Oireachtas Joint and Select Committees
Tuesday, 19 November 2013
Joint Oireachtas Committee on Agriculture, Food and the Marine
Annual Report 2012: Discussion with Coillte
4:20 pm
Mr. Gerry Britchfield:
They are chips from pulp. We take our own pulp but provide them with that product. We want to give them the product they can use in their boiler but we start with our pulp and chip it for them. We also supply companies such as the Radisson Blu in Donegal. They are small-volume applications of a few thousands cubic metres per annum. We are happy to talk to people about bioenergy uses or any use of our fibre. Animal bedding is another area for which we supply pulp wood volume but, ultimately, it must stack up from a commercial perspective. We have panel businesses that make a good contribution and that can make a strong contribution to the State in the future. They employ large numbers of people in the south east. We also want to supply those businesses, as they have an important role to play, as well as the bioenergy sector.
The solution to this is mobilising private supply. Over the past 20 years the State has supported large-scale afforestation by farmers, and much of that land is reaching the point at which it needs to be thinned. According to the COFORD projections for timber supply into the future by the Department of Agriculture, Food and the Marine, approximately 500,000 cu. m of additional pulpwood is forecast to be available, and the key for Ireland in growing a bioenergy sector is to mobilise that private supply to make sure the wood-paying capability of the biomass sector is attractive enough to get the farmer to thin his crop, because if he does not do so now the value of the crop will fall substantially and, at clear fell, he simply will not get the value for it and the State will not get the value for the investment it has made in the context of grants and premiums.
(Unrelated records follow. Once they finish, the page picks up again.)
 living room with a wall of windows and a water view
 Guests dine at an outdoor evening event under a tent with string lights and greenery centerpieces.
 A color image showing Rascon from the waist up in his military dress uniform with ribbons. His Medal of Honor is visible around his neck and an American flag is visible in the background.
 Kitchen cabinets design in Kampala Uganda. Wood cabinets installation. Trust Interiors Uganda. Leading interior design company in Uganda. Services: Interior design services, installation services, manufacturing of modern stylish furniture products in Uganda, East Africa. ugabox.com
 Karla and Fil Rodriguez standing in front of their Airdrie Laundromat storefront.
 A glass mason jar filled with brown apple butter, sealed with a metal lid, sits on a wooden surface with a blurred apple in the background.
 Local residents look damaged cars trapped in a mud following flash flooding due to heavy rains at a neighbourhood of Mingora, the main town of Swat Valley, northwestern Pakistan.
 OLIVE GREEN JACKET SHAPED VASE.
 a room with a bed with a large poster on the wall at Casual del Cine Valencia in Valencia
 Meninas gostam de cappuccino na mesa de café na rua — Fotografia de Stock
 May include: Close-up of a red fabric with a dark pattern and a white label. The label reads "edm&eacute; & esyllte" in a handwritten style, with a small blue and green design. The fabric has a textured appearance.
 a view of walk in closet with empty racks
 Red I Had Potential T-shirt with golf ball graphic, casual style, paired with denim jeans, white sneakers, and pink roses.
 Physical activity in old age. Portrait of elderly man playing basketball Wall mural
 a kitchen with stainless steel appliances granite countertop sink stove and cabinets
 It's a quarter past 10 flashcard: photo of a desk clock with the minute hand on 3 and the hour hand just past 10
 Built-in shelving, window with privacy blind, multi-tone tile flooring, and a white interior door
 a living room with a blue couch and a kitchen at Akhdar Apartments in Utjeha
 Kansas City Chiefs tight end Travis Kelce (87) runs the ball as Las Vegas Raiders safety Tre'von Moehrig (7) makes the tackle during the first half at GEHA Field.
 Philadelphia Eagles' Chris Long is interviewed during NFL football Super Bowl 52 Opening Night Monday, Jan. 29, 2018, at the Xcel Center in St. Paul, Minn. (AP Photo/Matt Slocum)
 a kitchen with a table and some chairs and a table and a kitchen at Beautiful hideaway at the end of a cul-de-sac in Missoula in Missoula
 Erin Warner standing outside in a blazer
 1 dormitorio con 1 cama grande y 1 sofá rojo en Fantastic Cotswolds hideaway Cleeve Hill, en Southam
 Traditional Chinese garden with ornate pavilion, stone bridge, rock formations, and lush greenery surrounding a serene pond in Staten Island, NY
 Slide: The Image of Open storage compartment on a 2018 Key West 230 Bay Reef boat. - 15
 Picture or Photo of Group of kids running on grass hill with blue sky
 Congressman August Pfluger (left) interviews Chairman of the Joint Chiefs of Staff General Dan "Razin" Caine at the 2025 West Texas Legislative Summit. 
With regard to the Bord na Móna piece, I will not comment on speculation in the Sunday newspapers. There are a relatively small number of areas of synergy between Coillte and Bord na Móna because there is not a great deal of overlap. We do not sell the same products, supply the same customers or use the same routes. We export a large proportion of what we produce, either directly or indirectly, while Bord na Móna generates most of its revenue in Ireland. However, there would be savings in overheads. That is an area in which there could be synergy benefits and we recognise that. We have identified what we believe would be the value of those benefits. We have worked closely and well with Bord na Móna. We do not agree with the company's managers on everything but, ultimately, we have put our case and analysis to NewERA and it has done likewise.